Episode 38
Imitating God By Playing Games (Moltmann part 2)
September 10th, 2023
59 mins 52 secs
Tags
About this Episode
Moltmann, A Theology of Play part 2
Pp 15-25
Did God create the world as an act of play?
God is a free creator - could have made the world or not, yet is still divine so it can’t be just random.
God did not have to create the world, but neither did God make something random.
The world is meaningful but not necessary – and necessary labor will not save us. Work is productive and gainful but not play.

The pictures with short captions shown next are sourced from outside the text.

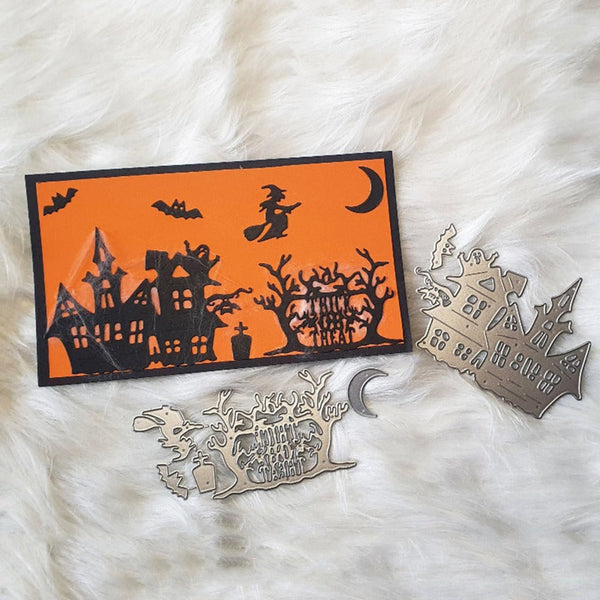 Halloween-themed laser-cut metal ornaments displayed on a white faux fur background, including an orange and black haunted house silhouette card and silver-toned metal pieces with spooky designs and text.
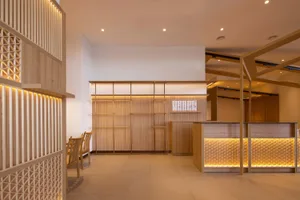 Open living area with wooden floors and walls, featuring chairs and a warm atmosphere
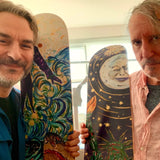 Artists Marcel Dzama and Raymond Pettibon holding their collaborative skate deck editions featuring surreal and expressive artwork. Dzama’s fluid, dreamlike figures blend with Pettibon’s bold, narrative-driven imagery, bringing their artistic fusion to skateboard decks in this limited-edition collection with THE SKATEROOM.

It is a game in the sense – God made the world for God’s pleasure, God’s play
Prov 8:30-31
then I was beside him, like a master worker,
and I was daily his delight,
playing before him always,
playing in his inhabited world
and delighting in the human race.
Without the freedom of play, the world turns into a desert.
How we imitate God
God can make and play out of nothingness because of divinity – we can only play with reality and created things. But we imitate God when we receive the kingdom of God like a child, when we absorbed and serious about a game but also transcend ourselves in knowing it is just a game.
"Where everything must be useful and used, faith tends to regard its own freedom as good for nothing." (15)

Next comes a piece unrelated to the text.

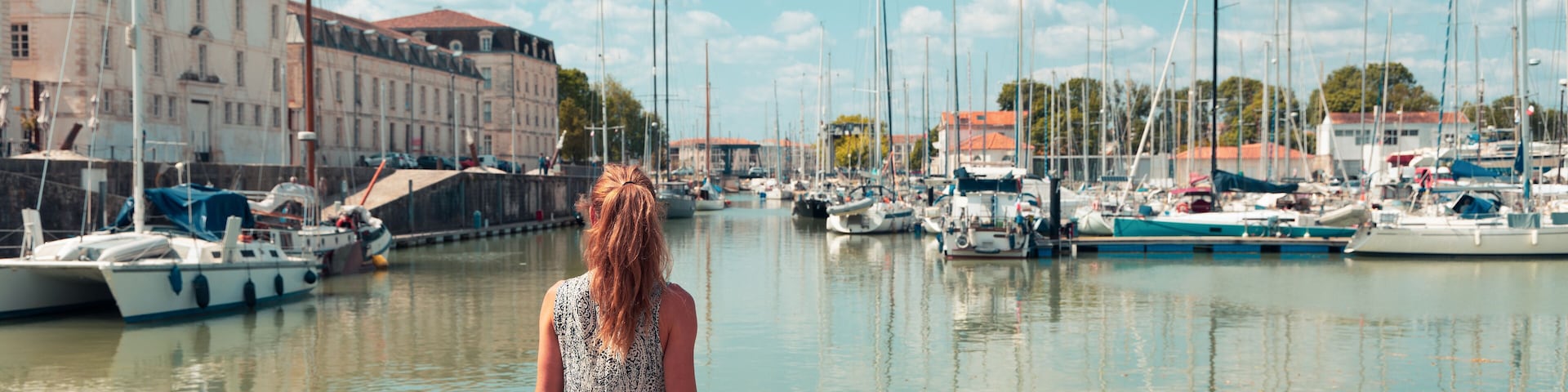 Woman tourist visiting Rochefort city and port- Charente Maritime in France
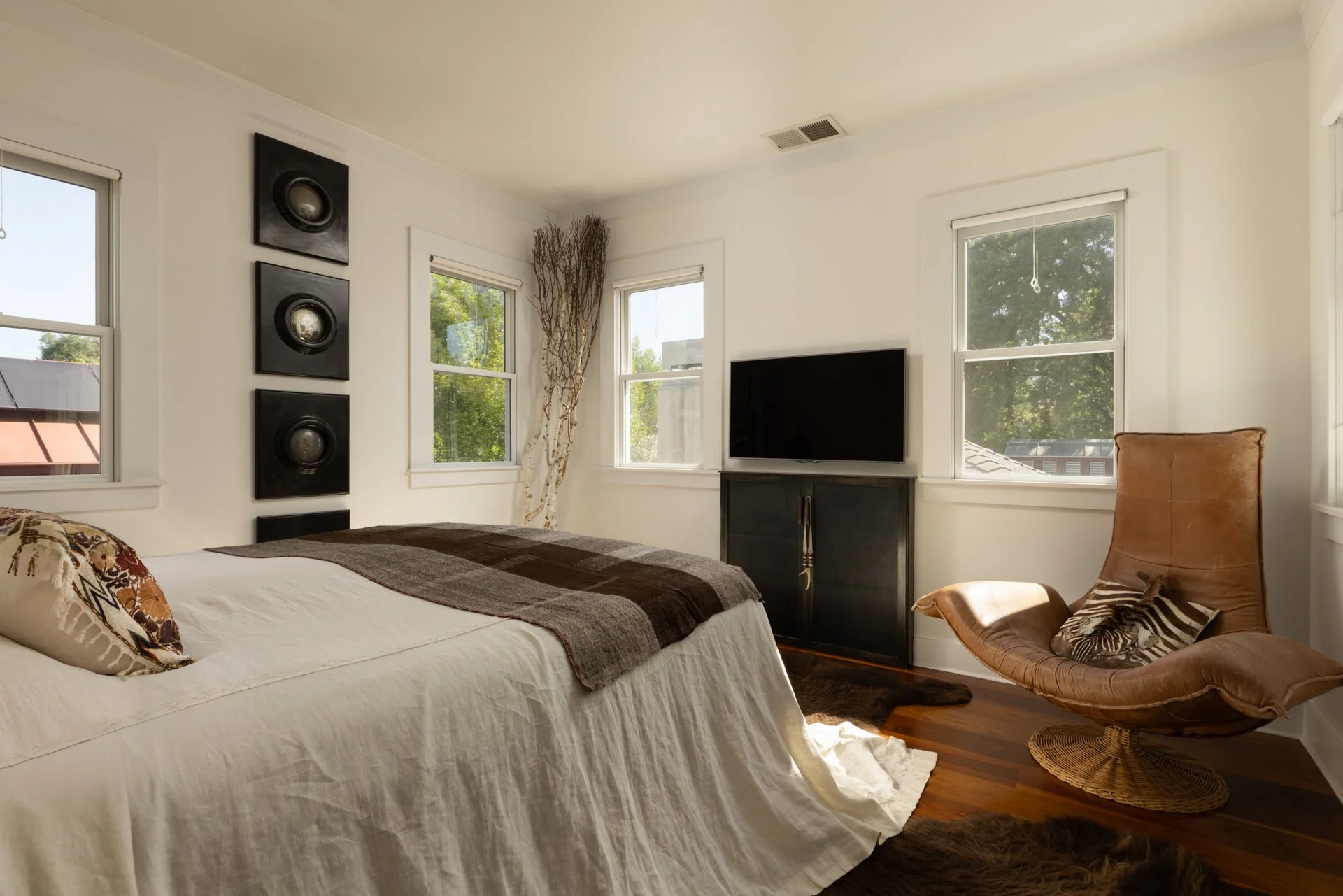 A bedroom with a bed covered in a white sheet and decorative pillows, a black TV on a dark cabinet, a leather chair, and three windows with green trees outside.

Henri Nouwen, In the Name of Jesus: one of the greatest temptations of the Christian leader (leader of faith) is to be relevant. "Relevance" is such a difficult topic - both encouraged and discouraged in the church. Perhaps it is really the temptation "to be needed" - to make others dependent on oneself.
We are to glorify God and enjoy God forever in the Westminster Catechism 1647.
So not through our usefulness or work or purposes, in our service, but in our enjoyment. We negotiate this in a society that only rewards usefulness, labor, and consumption.
The problem of the Puritan work ethic.
The other challenge of religion only being about ethics, and not about aesthetics.
“To put it simply, the birds are singing more than Darwin permits” Buytendijk.
Instead of life being “the seriousness of making history,” it becomes the “calm rejoining in existence itself.” Otherwise the seriousness of making history can be demonic, despairing, or all about us (23).
To not only play but to be played, as the game of life impacts us. We might be “sheltered by the game,” because “the loser wins” (24, quoting Péguy).
Victor Frankl, Man's Search for Meaning - our most fundamental drive is in life is for meaning.
The spiritual benefits of creation and games (18)
- Sincerity
- Mirth
- Suspense
- Relaxation
- Full presence
- Transcendence
- Freedom
Our purpose--the purpose of creation--AND the purpose of play--is not found in usefulness or meeting goals, but in the "demonstrative value of being" (Buytendijk, Dutch) (19)
Seeing the meaning of life only in terms of usefulness will inevitably lead to a crisis. (19). Ideologies that seek to tell us otherwise are simply trying to turn us into cogs in their machinery.
"Infinite responsibility destroys a human being because he is only man and not god." (23)
Play shifts the focus away from achievement and more toward simply being.